Obstacles to market-based financing in Europe
(542) The relative insignificance of capital market-related financing can be explained by both supply-side and demand-side factors. A key reason for the relatively low level of supply in the capital markets in Europe compared with the United States is the difference in savings patterns. Savings in the United States are mainly accumulated using capital market products such as shares and investment funds, whereas savers in Europe traditionally opt for bank deposits (Véron and Wolff, 2015; ECB, 2016a). A relatively low level of investments in capital market products may also be due to a less developed financial literacy (van Rooij et al., 2011; Cole et al., 2014). In Europe, for example, there is a noticeable positive correlation at country level between financial literacy and investing in investment funds. Chart 73 bottom
The low level of supply in European capital markets may also be due to structural differences in the systems underpinning provisions for old age. In Germany, for example, pensions are mainly financed on a pay-as-you-go basis. By contrast, pensions in the United States are to a larger extent funded by capital, which explains the higher investment volumes and the greater relevance of institutional investors such as pension funds and asset managers.
(543) On the demand side, information asymmetries can pose a significant challenge. The bulk of non-financial companies in the European Union are SMEs (Bremus and Neugebauer, 2018). These companies face structural obstacles when accessing capital markets because fulfilling the disclosure requirements involves a lot of effort. Moreover, the fixed costs for issuing securities are frequently prohibitively high. Many SMEs turn to banks for finance instead, but this is not an option for start-ups in their initial and growth phases because of the risk structure of their projects. In countries where the capital markets are poorly developed in terms of venture capital, new companies are less likely to be launched or they will relocate to another country. The problem with this is that start-ups are crucial to economic growth and innovation.
(544) In Europe, equity finance is particularly poorly developed (Valiante, 2016). This is favoured by the structure of the tax system (Feld et al., 2013). Debt finance enjoys preferential tax treatment in most EU member states (European Commission, 2013; Bremus and Huber, 2016). This gives companies an incentive to take on excessive debt finance, which is likely to reinforce the trend towards bank financing (European Commission, 2015b; Bremus and Huber, 2016).
(545) The aforementioned obstacles are even greater when it comes to cross-border financing. This might explain the low level of risk sharing via capital markets. Items 527 FF. Different withholding taxes in the member states may represent a barrier to the cross-border movement of capital for retail investors. Although most bilateral tax agreements provide for the reimbursement of withholding taxes in order to prevent double taxation, investors still have to follow complex procedures (European Commission, 2017c). Insufficient financial literacy also plays a central role in this context, because retail investors are often unaware of the advantages of international diversification (“home bias”, Coeurdacier and Rey, 2013; Harms et al., 2015) and useful cross-border investment opportunities go unused (European Commission, 2017c).
For institutional investors, such as asset managers, barriers arise as a result of differing legislation and its application at member state level (European Commission, 2017c).

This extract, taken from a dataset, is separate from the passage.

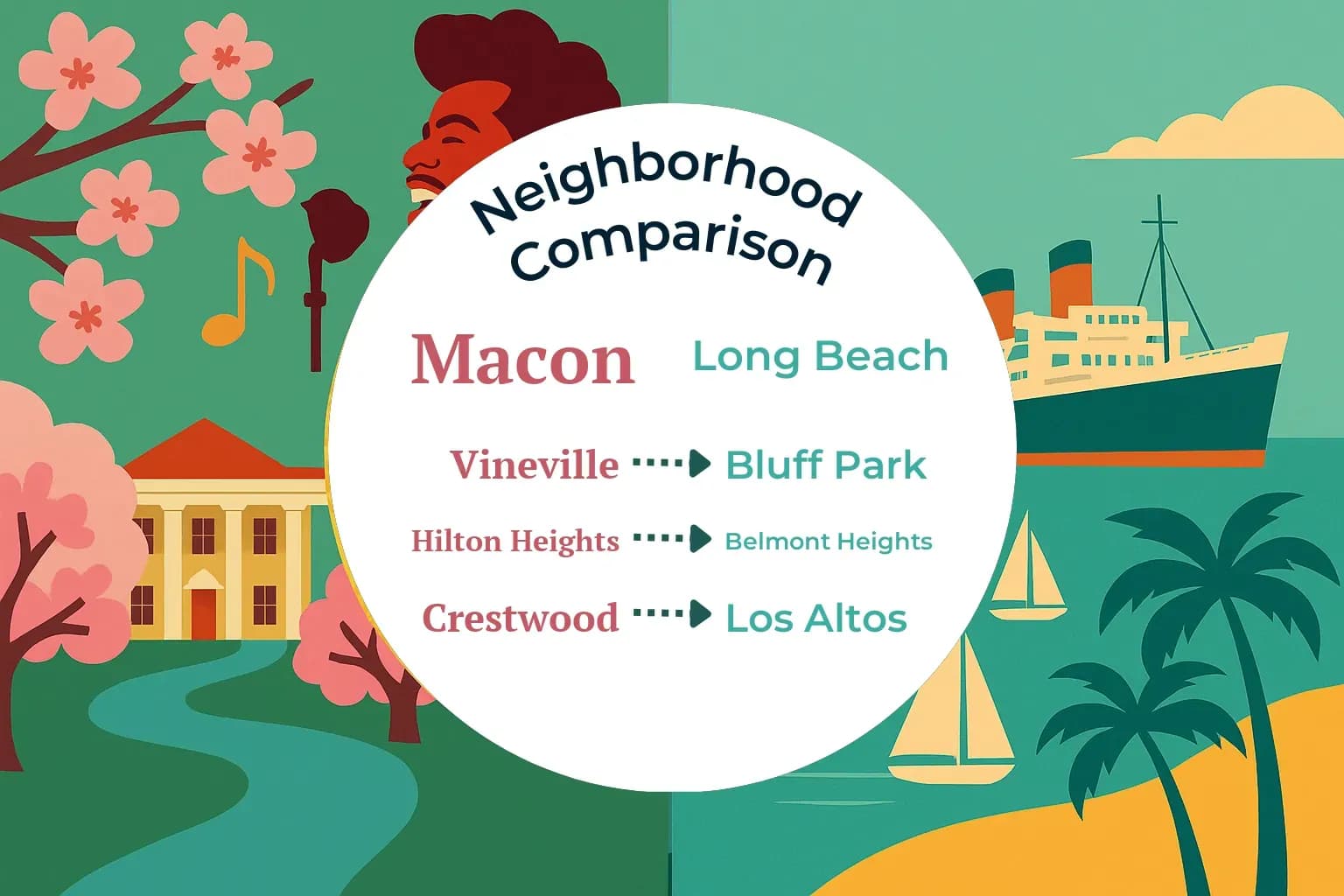 Macon vs Long Beach Neighborhood Comparison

Insolvency law, for example, differs from country to country and there are also huge discrepancies in the duration of foreclosure procedures. Both of these factors lead to a lack of legal certainty (European Commission, 2017c; GCEE Annual Report 2016 item 521). Barriers also exist in the form of different regulatory requirements in the member states, e.g., differences in sales regulations and consumer protection rules (European Commission, 2017c).
Finally, SMEs find it even more difficult to obtain access to capital markets abroad than at home because information asymmetries are more pronounced at international level. Legal differences, e.g., in insolvency law, play an important role here as well.

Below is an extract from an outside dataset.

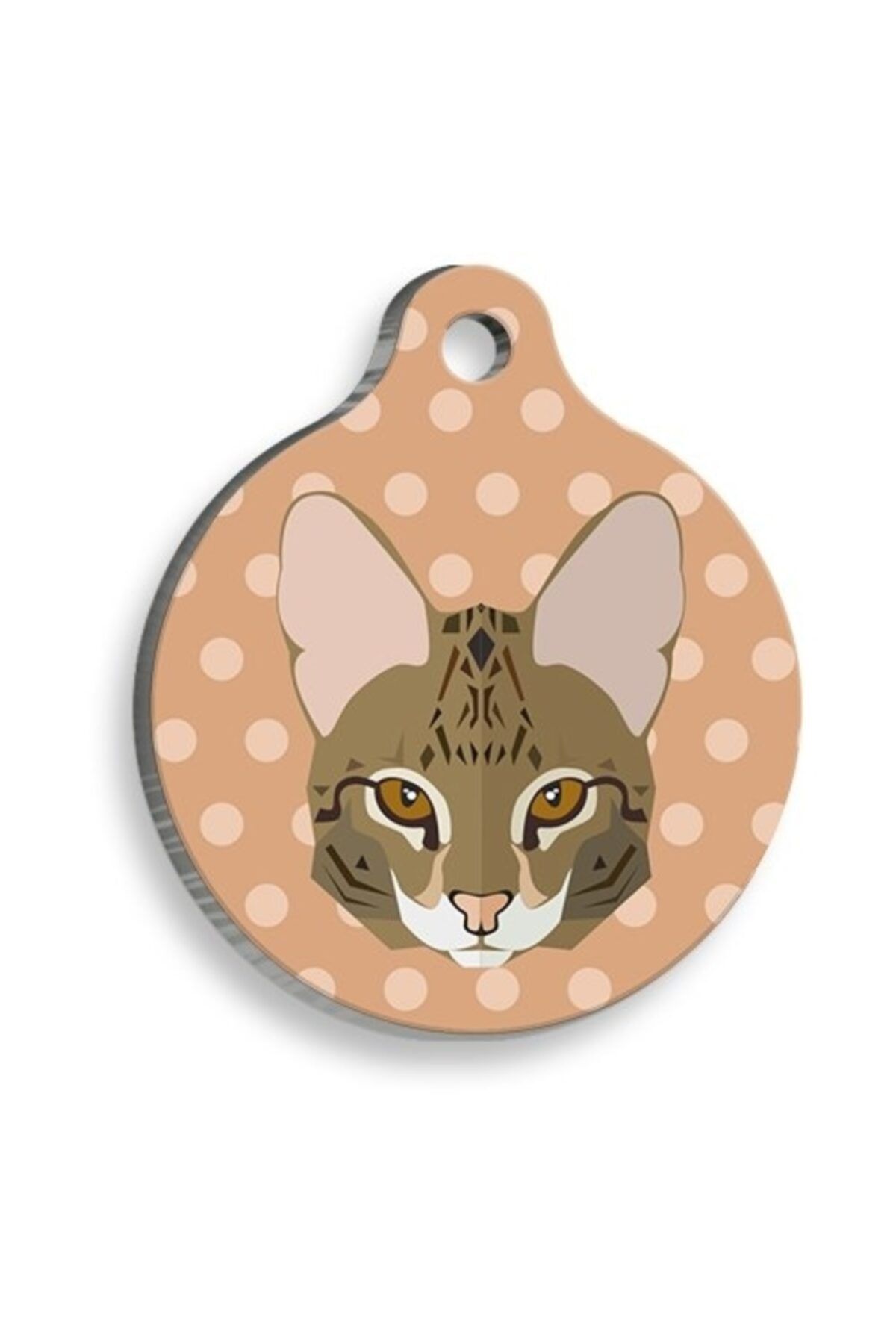 altın pati Savannah Kedisi Yuvarlak Kedi Künyesi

(546) The considerations set out above are supported by the empirical literature. The analysis by Giovannini et al. (2018) indicates that personal pension provision, financial literacy, insolvency law and the investment fund sector are particularly critical to international risk sharing in the euro area. Investment funds could promote financial integration, because they help to reduce the aforementioned obstacles by enabling international diversification at low cost. In fact, the volume of assets under management in investment funds has risen sharply since the financial crisis (GCEE Annual Report 2017 item 495).

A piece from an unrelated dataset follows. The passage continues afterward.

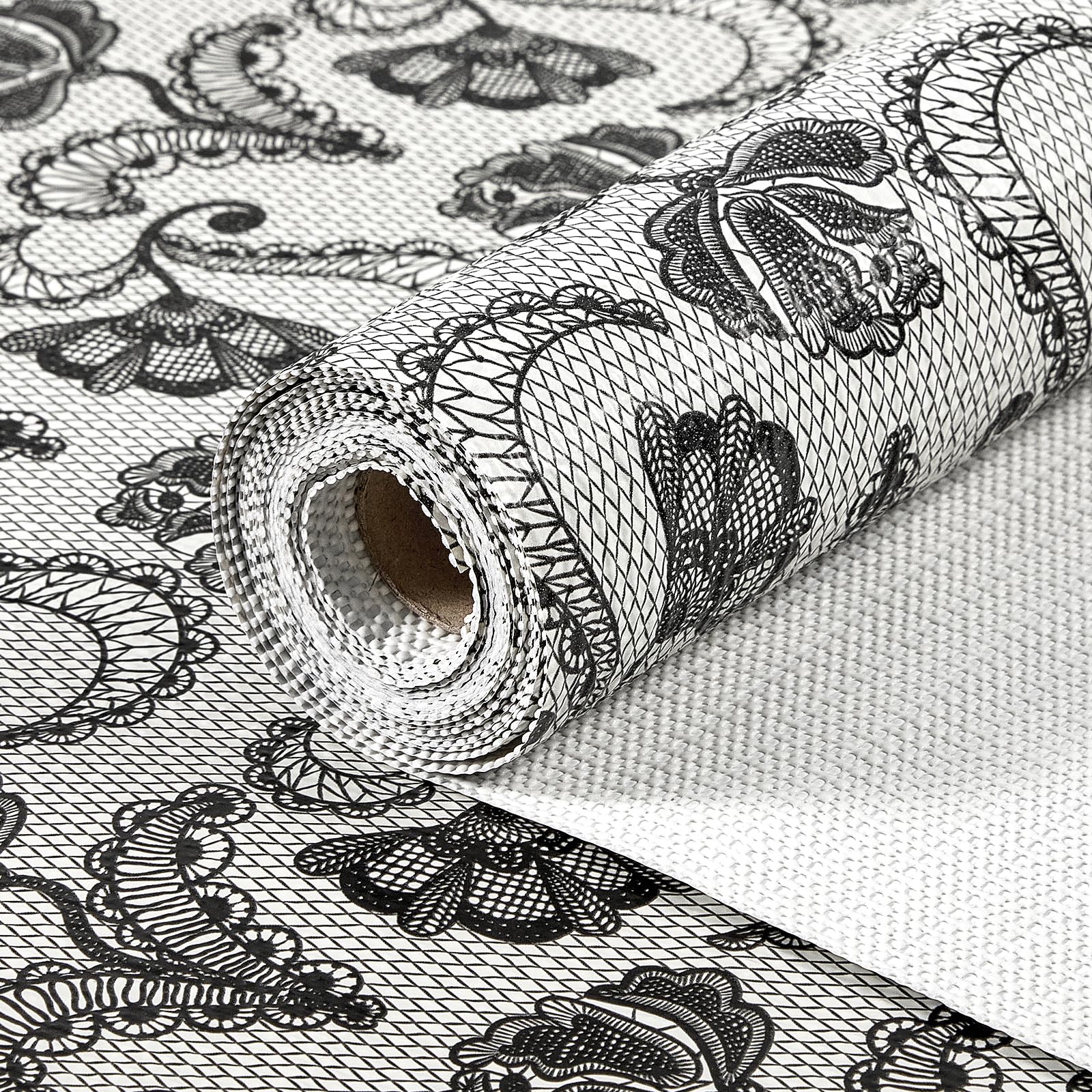 ALIUNI Drawer and Shelf Liner, Non-Slip Kitchen Cabinet Liners Non-Adhesive Thick Strong Grip Waterproof Washable Mats Protect Dresser Shelves Cupboard Bathroom Cabinets, Boho: Floral, 24 in X 10 FT Image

It can also be seen that when it comes to equities and bonds, funds have begun to focus more heavily on international securities. Chart 74 This is especially the case for non-European securities. In addition, within the European securities, there has been a shift towards non-domestic issuers. Given this trend, investment funds are likely to play an increasingly important role in intensifying the movement of capital in Europe, not least in the context of private and occupational pensions. Investment funds – in the form of credit funds – could also play a more important role when it comes to corporate finance in future.
Removing obstacles through Capital Markets Union
(547) The European Commission presented numerous measures and legislative proposals in connection with Capital Markets Union that are designed to remove the aforementioned obstacles. In its 2015 action plan, the European Commission published recommendations that mainly related to market-based financing for companies, long-term capital expenditure on infrastructure and improved investment opportunities for retail and institutional investors (European Commission, 2015d; GCEE Annual Report 2015 box 15). However, only three of the European Commission’s 13 legislative proposals have been adopted so far.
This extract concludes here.